Slack Notifications Integration¶
Complete guide to Slack notifications for scandora.net infrastructure.
Overview¶
The #scandora-notifications Slack channel receives automated notifications from:
- Prometheus AlertManager - Infrastructure monitoring alerts
- GitHub - Repository events (commits, PRs, releases, issues)
Architecture¶
┌─────────────────────┐
│ Prometheus/Alert │
│ Manager │
│ (192.168.194.131) │
└──────────┬──────────┘
│
│ HTTPS POST
▼
┌─────────────────────┐ ┌─────────────────────┐
│ Slack Incoming │ │ GitHub │
│ Webhook │◀─────│ Repository │
│ (hooks.slack.com) │ │ (scandora/...net) │
└──────────┬──────────┘ └─────────────────────┘
│
▼
┌─────────────────────┐
│ #scandora- │
│ notifications │
│ (Slack) │
└─────────────────────┘
1. Prometheus/AlertManager → Slack¶
Configuration Status¶
✅ Deployed and Active (as of 2026-02-13)
- AlertManager: Running on dumbo (192.168.194.131:9093)
- Webhook URL: Stored in 1Password (
slack_webhook_scandora_notifications) - Channel: #scandora-notifications
- Ansible Role:
monitoring-stack
Alert Types¶
Warning Alerts (4-hour repeat):
- Host down (InstanceDown)
- High CPU/memory/disk usage
- Network issues
- ZeroTier connectivity problems
- Dev VM running too long (1 hour)
Critical Alerts (1-hour repeat):
- Multiple hosts down
- Critical resource exhaustion
- Gateway failures
- Dev VM running critically long (4 hours)
Message Format¶
Warning Example:
Critical Example:
Resolved Example:
Testing Alerts¶
# Stop node_exporter on a host to trigger alert
ssh dumbo "sudo systemctl stop node-exporter"
# Check #scandora-notifications for alert (within 30s)
# Restore service
ssh dumbo "sudo systemctl start node-exporter"
# Check for resolved message (within 5m)
Configuration Files¶
- Ansible defaults:
cloud/ansible/roles/monitoring-stack/defaults/main.yml - AlertManager template:
cloud/ansible/roles/monitoring-stack/templates/alertmanager.yml.j2 - Deployment script:
cloud/ansible/scripts/run-monitoring.sh - 1Password item:
slack_webhook_scandora_notifications(scandora-automation vault)
Redeployment¶
2. GitHub → Slack¶
Configuration Options¶
Three options available (choose one):
Option A: Native Slack GitHub App (Easiest)¶
Setup:
# In Slack
/github subscribe scandora/scandora.net
/github subscribe scandora/scandora.net commits:all pulls issues
Pros:
- Quick setup (one command)
- Rich formatting with previews
- Built-in features (unfurl, threading)
Cons:
- Not managed via IaC
- Requires Slack app permission
- Less control over formatting
Option B: Manual GitHub Webhook¶
⚠️ Does not work with Slack incoming webhooks - requires transformation middleware
GitHub's webhook payload format is incompatible with Slack's incoming webhook format.

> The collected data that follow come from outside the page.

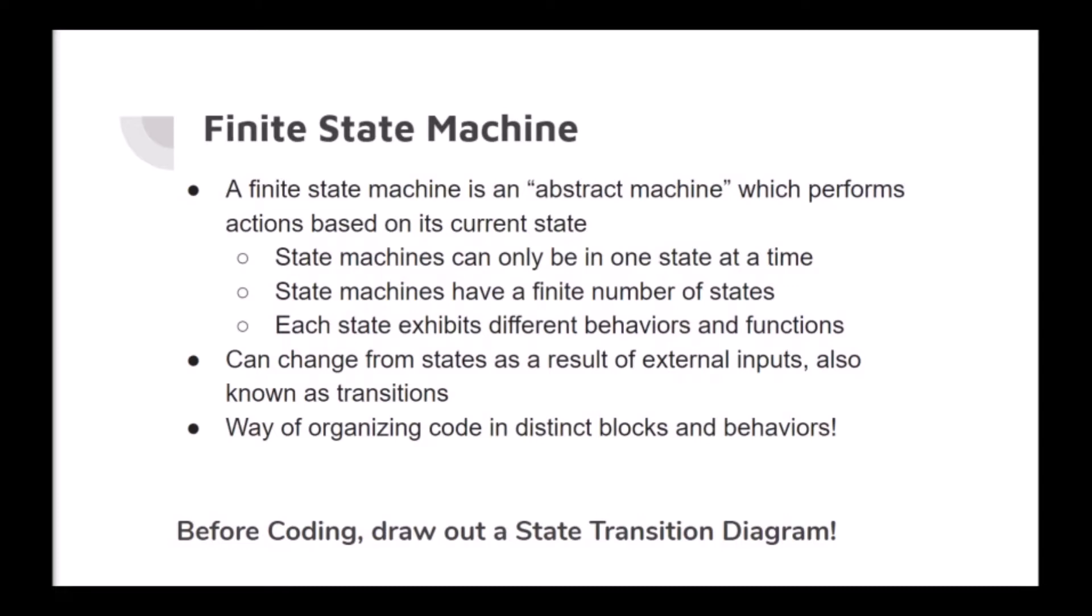I want to reiterate that a finite state machine isn't new to code, but it's simply a way of organizing code in distinct blocks and behaviors. In order to start using state machines, you'll need to draw out a state transition diagram. This diagram will visualize the specific transitions and many states for your device and will streamline the process.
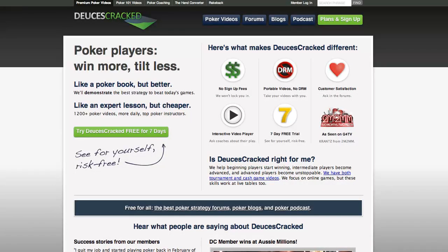Hello everyone, and welcome to the first ever Free Flash Festival. My name is Chuck, aka Danzasmack, one of the founders here at Deucescracked, and today I'm going to be walking you through a few of the things you can find here on our site.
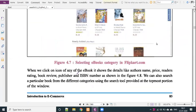When we click on the icon of any e-book, it shows details like the author's name, price, reader ratings, book review, publisher, and ISBN number. ISBN number means International Standard Book Number. If you have a branded book, it has a unique ISBN number.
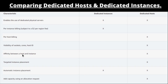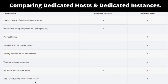Similarly for affinity between host and instance, you don't have control in dedicated instance. You get targeted instance placement in dedicated host, so you can decide where you want to place your instances. Automatic instance placement is available in both dedicated instance and dedicated host. You can add capacity using an allocation request only in dedicated host.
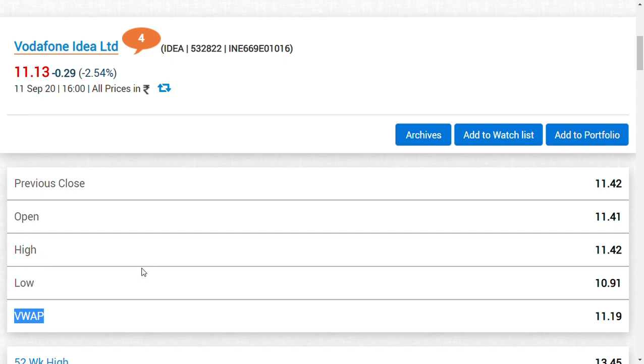This is about Vodafone Idea update, friends. A subtle momentum of 40 paise upwards or 30 paise downwards could be the momentum. That is my trade momentum for Monday. Let's see how it pans out. Thank you, friends.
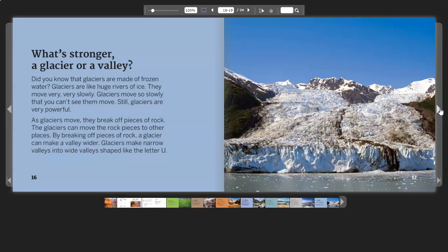As glaciers move, they break off pieces of rock. The glaciers can move the rock pieces to other places. By breaking off pieces of rock, a glacier can make a valley wider. Glaciers make narrow valleys into wide valleys shaped like the letter U.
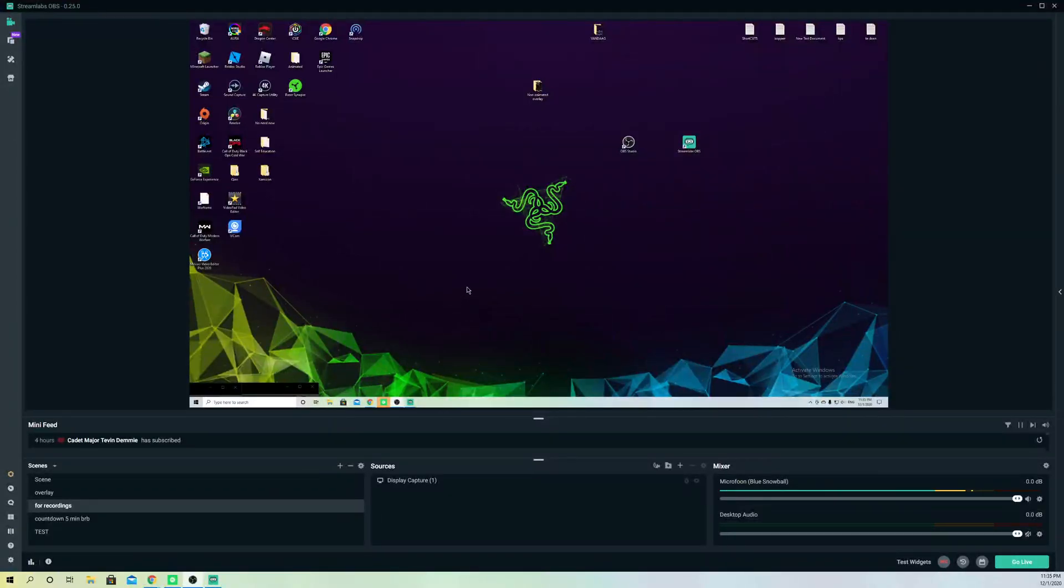Hello, so guys, today I'm going to show you how you can change the streaming platform on Streamlabs OBS. It's quite simple to do, actually.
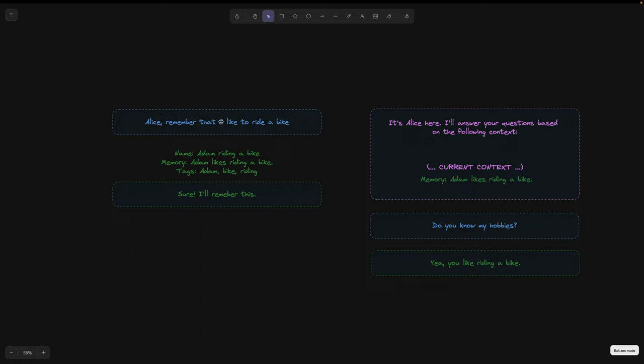For example, if I tell Alice that I like riding a bike, I would like her memory to say that Adam likes riding a bike. Therefore, it is necessary to rephrase the information in a way that it becomes Alice's memory.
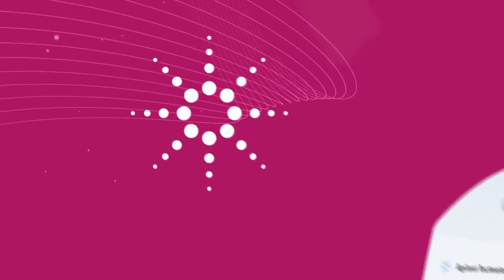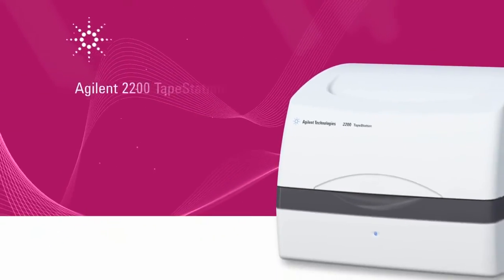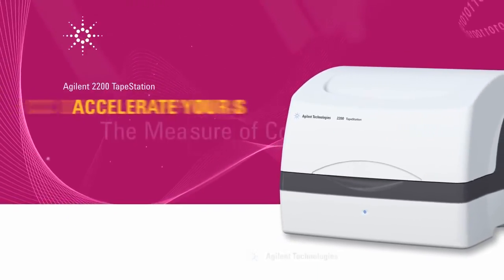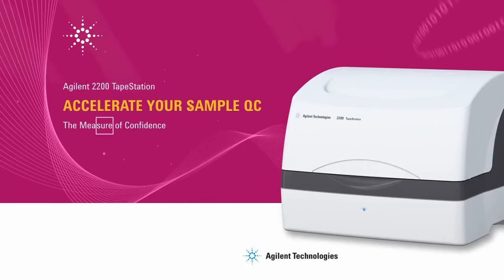The Agilent 2200 tape station. Accelerate your sample QC with confidence.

This option only works if you have a custom endpoint (Lambda, Cloud Function) that transforms the payload.
Option C: Terraform-Managed Webhook (Requires Middleware)¶
Setup:
# 1. Create GitHub PAT (admin:repo_hook scope)

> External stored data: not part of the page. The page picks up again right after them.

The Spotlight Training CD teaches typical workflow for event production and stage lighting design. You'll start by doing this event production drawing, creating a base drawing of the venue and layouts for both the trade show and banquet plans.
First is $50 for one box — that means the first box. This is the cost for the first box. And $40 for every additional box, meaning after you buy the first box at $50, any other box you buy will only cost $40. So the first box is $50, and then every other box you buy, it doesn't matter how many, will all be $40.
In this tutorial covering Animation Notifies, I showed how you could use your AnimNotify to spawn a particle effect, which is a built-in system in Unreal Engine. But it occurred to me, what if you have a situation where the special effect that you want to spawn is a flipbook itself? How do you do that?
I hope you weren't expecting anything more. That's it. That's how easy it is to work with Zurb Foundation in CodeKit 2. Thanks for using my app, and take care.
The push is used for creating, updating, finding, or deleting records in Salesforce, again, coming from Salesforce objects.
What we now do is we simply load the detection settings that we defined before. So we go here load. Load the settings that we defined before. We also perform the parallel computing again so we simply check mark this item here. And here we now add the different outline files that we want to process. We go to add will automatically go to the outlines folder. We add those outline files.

# https://github.com/settings/tokens
# 2. Store in 1Password
op item create \
--category="API Credential" \
--title="GitHub Personal Access Token - Terraform" \
--vault="scandora.net" \
credential[password]="<token>"
# 3. Load credentials
source scripts/terraform/tf-github-slack-env.sh
# 4. Deploy
cd cloud/terraform/environments/production/network/github-slack
terraform init
terraform plan
terraform apply
Pros:
- ✅ Infrastructure as Code
- ✅ Version controlled
- ✅ Auditable changes
- ✅ Reproducible
Cons:
- More initial setup
- Requires GitHub PAT management
Events Sent to Slack¶
When using webhooks (Options B or C):
- push - Commits to any branch
- pull_request - PRs created, merged, closed
- release - New releases published
- issues - Issues opened, closed
- issue_comment - PR/issue comments
Testing GitHub Integration¶
# After setup, test with empty commit
git commit --allow-empty -m "test: verify Slack notifications"
git push origin main
# Check #scandora-notifications within seconds
Webhook Management¶
Credentials Storage¶
All webhook credentials stored in 1Password:
| Item | Vault | Field | Purpose |
|---|---|---|---|
slack_webhook_scandora_notifications |
scandora-automation | webhook_url | AlertManager + GitHub |
GitHub Personal Access Token - Terraform |
scandora.net | credential | Terraform GitHub provider |
Rotating Webhook URL¶
If webhook URL needs to change (compromised, new app, etc.):
# 1. Create new webhook in Slack (see Setup section)
# 2. Update 1Password
op item edit "slack_webhook_scandora_notifications" \
--vault scandora-automation \
webhook_url[password]="<new-webhook-url>"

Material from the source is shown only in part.